WASHINGTON If national security and survival depend on it, it is hard to understand who would want to deny President Bush the authority to order wiretapping of cell phones or e-mails of al-Qaida suspects with or without a court warrant, open or secret.
Limited ways can be found in a free society to do what needs to be done. They have before.
The issue, however, now has become the subject of a major constitutional collision. Several Democrats claim Bush broke the law. The president has launched a counteroffensive, claiming sweeping authority to conduct domestic surveillance as part of the war on terrorism.
After the Sept. 11 attacks, Bush authorized the National Security Agency to conduct wiretaps without approval of a court that had been set up at the Justice Department expressly for the purpose of secretive surveillance cases. Called the Foreign Intelligence Surveillance Court, it was established under a 1978 act of Congress following the Watergate scandal and the associated exposure of unauthorized wiretaps by the Nixon administration.

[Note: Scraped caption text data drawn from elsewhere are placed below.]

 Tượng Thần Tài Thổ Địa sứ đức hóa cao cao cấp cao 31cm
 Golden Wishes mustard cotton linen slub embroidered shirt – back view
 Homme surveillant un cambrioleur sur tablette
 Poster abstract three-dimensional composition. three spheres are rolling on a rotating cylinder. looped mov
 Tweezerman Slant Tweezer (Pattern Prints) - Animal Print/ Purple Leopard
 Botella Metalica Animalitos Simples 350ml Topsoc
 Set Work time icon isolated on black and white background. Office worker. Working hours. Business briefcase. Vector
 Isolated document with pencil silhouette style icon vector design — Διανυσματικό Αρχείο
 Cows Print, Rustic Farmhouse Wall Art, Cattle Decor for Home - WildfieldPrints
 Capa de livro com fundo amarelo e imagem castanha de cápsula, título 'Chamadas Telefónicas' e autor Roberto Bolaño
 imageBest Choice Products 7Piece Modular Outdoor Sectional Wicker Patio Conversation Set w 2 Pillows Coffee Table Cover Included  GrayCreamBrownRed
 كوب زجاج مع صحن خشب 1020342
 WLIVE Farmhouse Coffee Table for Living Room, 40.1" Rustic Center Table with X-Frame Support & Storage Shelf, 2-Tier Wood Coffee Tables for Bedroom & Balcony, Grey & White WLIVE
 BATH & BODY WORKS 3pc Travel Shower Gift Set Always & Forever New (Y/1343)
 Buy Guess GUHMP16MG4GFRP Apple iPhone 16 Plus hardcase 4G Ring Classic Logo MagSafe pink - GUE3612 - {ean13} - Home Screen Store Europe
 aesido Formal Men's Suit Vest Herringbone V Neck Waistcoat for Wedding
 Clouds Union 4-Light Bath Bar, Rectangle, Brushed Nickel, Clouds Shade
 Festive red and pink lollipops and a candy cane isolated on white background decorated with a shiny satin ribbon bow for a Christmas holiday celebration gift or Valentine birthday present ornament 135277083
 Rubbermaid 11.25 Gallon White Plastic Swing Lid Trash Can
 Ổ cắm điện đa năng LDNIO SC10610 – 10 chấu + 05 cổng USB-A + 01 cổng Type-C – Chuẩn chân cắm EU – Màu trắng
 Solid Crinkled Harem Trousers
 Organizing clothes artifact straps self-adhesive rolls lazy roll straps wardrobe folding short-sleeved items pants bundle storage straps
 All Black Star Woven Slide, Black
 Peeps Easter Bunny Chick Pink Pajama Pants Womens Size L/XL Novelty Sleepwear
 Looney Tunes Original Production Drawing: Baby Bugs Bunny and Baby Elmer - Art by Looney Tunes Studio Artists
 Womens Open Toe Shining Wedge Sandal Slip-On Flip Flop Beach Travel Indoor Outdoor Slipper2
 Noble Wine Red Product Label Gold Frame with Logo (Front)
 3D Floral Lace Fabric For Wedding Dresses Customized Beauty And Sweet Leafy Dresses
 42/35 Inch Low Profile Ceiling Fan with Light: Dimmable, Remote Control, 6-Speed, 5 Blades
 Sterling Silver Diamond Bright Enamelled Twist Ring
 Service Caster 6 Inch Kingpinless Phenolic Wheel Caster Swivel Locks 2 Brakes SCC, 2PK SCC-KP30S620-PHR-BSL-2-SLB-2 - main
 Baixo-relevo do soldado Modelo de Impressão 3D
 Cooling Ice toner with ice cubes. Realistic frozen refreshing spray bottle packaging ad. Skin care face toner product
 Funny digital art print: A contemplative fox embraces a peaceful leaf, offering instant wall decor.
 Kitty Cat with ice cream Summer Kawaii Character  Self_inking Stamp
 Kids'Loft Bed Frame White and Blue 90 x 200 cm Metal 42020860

Bush said the FISA procedure is too cumbersome to catch the nimble terrorists of the post 9/11 era. Attorney General Alberto Gonzales said professional intelligence officers must have the discretion to make decisions about particular intercepts without waiting hours or days for all the paperwork to clear and a judge to decide. Evidence and suspects disappear and the trail often goes cold.
The Bush administration has begun calling the secret intercepts the "Terrorist Surveillance Project." Michael Hayden, deputy director of National Intelligence, contended that the new program affects only international calls and "only those we have a reasonable basis to believe involve al-Qaida or one of its affiliates."
Some Democrats and a few Republicans, however, have expressed concern because the program was shrouded in secrecy. Wiretaps were ordered without even informing the surveillance courts.
The sweeping claims of authority Bush has made for invoking the surveillance project are provoking as much outrage among civil libertarians as the project itself.
Because of his role as commander in chief of the armed forces and his duty to "protect and defend" the American people, Bush claims an expansive wartime role that seems to grow with each speech he and his officials make.
The furor they have engendered has spilled over into the confirmation debate for Samuel Alito as the ninth justice of the Supreme Court.